The lost language of letters

Happy New Year.  2012 can kiss my arse.  2013 is going to be better.  I woke early after less than 4 hours sleep and decided I would start the year by hand-writing a letter to someone that had asked me to.  I will call him “wizard”.

I took out my writing book.  I unscrewed the ink dispenser (last loaded with a blend of brown/black ink) and cracked a cartridge.  It was green, the only colour ink I could find. (Trevor found it for me, actually, whilst I was packing.)  It has been so long since I used my fountain pen, I can’t actually get the ink to flow back into the nib.  I have sucked and blown.  Sucked the nib, blown down the tube.  When I was a baby, I used to suck my dad’s fountain pen.  I think I ingested so much ink that eventually he kept it unfilled.  (Sucking my dad’s nib.  There is an Oedipus joke in there somewhere! 🙂 .)  My fingers are covered in ink and there are concentric and ever-lightening brown circles on an envelope.  But still no easy green flow.

Whilst I was doing this, I notice a handful of letters stuffed in a side pocket.  I don’t even remember them.  There are love letters from my first boyfriend, heart-felt missives from star-crossed (almost) lovers, and letters from my best friend.  Wow – the written word, indeed.

I got distracted reading these instead of writing to the wizard.  It’s all right 🙂 .  He will forgive me.  Maybe it is the age we were at when we wrote these letters to each other – there was no email, no Facebook. The sentiment in them is raw, it is honest, it is romantic.  Have we lost this in this face-paced life in which we live?  When I was in India, my parents had to write to me post-restante, guessing where I would be when their letters arrived.  Mostly I received them.  Sometimes I did not.  In this life, there are no guarantees.
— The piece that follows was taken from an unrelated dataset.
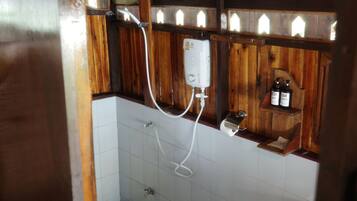 A bathroom with a wooden shower enclosure, a white tiled floor, and a shelf with toiletries.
The wizard says he is taking a month off electronic devices.  Even the telephone. I admire him.  Since writing this blogpost, we have texted, and I have changed his name to “wizard”.  You can UNDO the typed word, you can only cross-out the written word.

I believe multitasking is killing our brains.   The notebook and pencil I keep in my pocket is helping, but I don’t have the will-power not to constantly reach for my phone.

What can I do to stop that?  What would Jesus do? 😉  (“Who would Jesus bomb?” goes the joke.  It is funny until you think about it.)  What would (non-existent) god do if he had to distribute the 10 commandments over Twitter or Reddit?

I don’t believe in God.  (ESPECIALLY with a capital ‘G’.)  How can I have lost faith and now start to believe in a ‘G’od that would take my babies?  But maybe I believe in a master plan.

Can’t wait to see what 2013 holds in store for me.